ある会社のケース:取引先の離反と古参社員の反乱

「社長の死」という危機は、いつ訪れるか、誰にもわからない。ある水産業の会社では、優秀な社長の下で、確固たる経営が展開されていた。将来の後継者とされた次男も呼び戻されて、「これでさらなる成長を」と決意を新たにされていた。

されど、不幸はノックもせずに人生に立ち入ってくる。社長は、急病により60歳で亡くなった。それから次男にとって、修羅の道がはじまった。

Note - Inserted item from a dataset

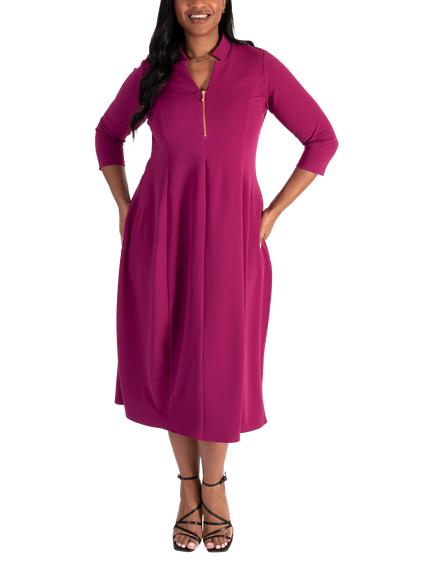 chesca Crepe Jersey Boulle Dress, Fuchsia, Fuchsia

次男は自社に呼び戻されていたものの、経営についてまったく教わっていなかった。また、先代に人望があったため、周囲の人も突然の不幸に同情し、自分を支援してくれるだろうと安易に考えていた。しかし、その期待は見事に裏切られることになる。

オーナー企業の売上というのは、社長個人の信用によって生み出されている。「あの社長のところから買おう」という意識だ。前触れもなく代替わりが発生すると、「あの後継者で大丈夫だろうか」という疑念が取引先に生まれてしまう。

法律論よりも後継者としての覚悟が必要な時もある

このケースでも、当初は「後継者を支援しよう」と取引を継続してくれていた会社の中に、要を得ない次男の対応に「取引中止」という判断をするところが出てきた。

しかも、自社内部も混乱した。古参社員の一部は、次男に対して平然と「自分に経営を任せろ」と言い出した。実績もない後継者の下で働くことが、プライドとして許せなかったのだろう。先代の妻が「息子に協力してほしい」と懇願しても、相手にされなかった。

社内に相談先のない次男は、母親とともに私の事務所に来所された。私は「そこまで会社の方針に合わないのであれば、(古参社員には)退職してもらうしかない。これは法律論よりも後継者としての覚悟です」と淡々と回答した。どこかで覚悟していたことではあるが、不安で言葉にできなかったことを弁護士に明確に伝えられて、次男は驚かれていた。

しかし、それからの次男は立派だった。次男は自分の言葉で古参社員に退職を勧めた。もちろん反発を受けたものの、なんとか金銭的に解決できた。そのとき、はじめて「自分の会社」になった。

このような突然の混乱に至らないために、社長は、自分のなかに「時間軸」を持って事業承継に取り組んでいかなければならない。